Off the cuff perhaps a screw can be used so the point contacts the groove.

I am happy if my post gets you back to working on your segmented bowl threads. I think lots of readers are eager to see the write-up. :smile:


----------



## Dave Paine (May 30, 2012)

*Completing the handle*

The handle is turned to final shape. 

I was going for a conventional shape, but this can be whatever shape feels good in your hand. Just do not make too thin that it can break while in use.

I started out using the RusDemka tool. I quickly realised this is a different turning technique and a bit of a learning curve. I did not want to risk messing up the handle, so I completed the shaping with my Doug Thompson spindle gouge with a conventional bevel, easy to rub.

The right end has been turned to the inside diameter of the ferrule.

My largest purchased ferrule was only 1in OD, which was 7/8in ID. 

I felt this was not wide enough considering I drilled a 5/8in hole. Rather than purchase a new ferrule, I found a piece of copper tubing with inside diameter of 1 1/8in.

I had a few iterations of turning for the ferrule. I did not want to make this too small. Important step to get correct. 

You need to decide your own shape and embellishments, if any.

Many handles have little grooves for embellishment. I decided to use a 1/4in bead.









Once I had the ferrule diameter to fit, I turned the piece around and gripped the ferrule end in my spigot jaws. I wanted to turn the other end to a small diameter to allow me to finish the end and sand as much of the end as possible.

This is the handle after being sanded to 800 grit.









I like to apply a product called EEE-Ultra Shine. It is a very fine abrasive. Apply with a rag, paper towel, or just a finger. Not much needs to be applied. Then turn on the lathe and heat up with rag, paper towel etc.

The result is a very smooth and shiny appearance. This is not a finish, it is just a shiny surface ready to have a finish applied.

http://www.packardwoodworks.com/Mer...e_Code=packard&Category_Code=finish-shellawax









For the finish I applied Shellawax (same company as EEE-Ultra Shine). This is applied the same way, then heat to melt the wax.

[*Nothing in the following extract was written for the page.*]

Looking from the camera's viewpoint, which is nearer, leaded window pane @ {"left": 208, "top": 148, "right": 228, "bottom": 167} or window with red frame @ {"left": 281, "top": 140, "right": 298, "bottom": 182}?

The ferrule was an easy fit. The iterations to get this to fit were worth the hassle.

Here is the final handle. I think a lamination looks better than solid single species.

The copper tube I used for the ferrule happened to be chrome plated. I decided to leave this on for a "bling" effect. :laughing:

Rus, I hope you feel this handle is a good compliment to your workmanship on the tool.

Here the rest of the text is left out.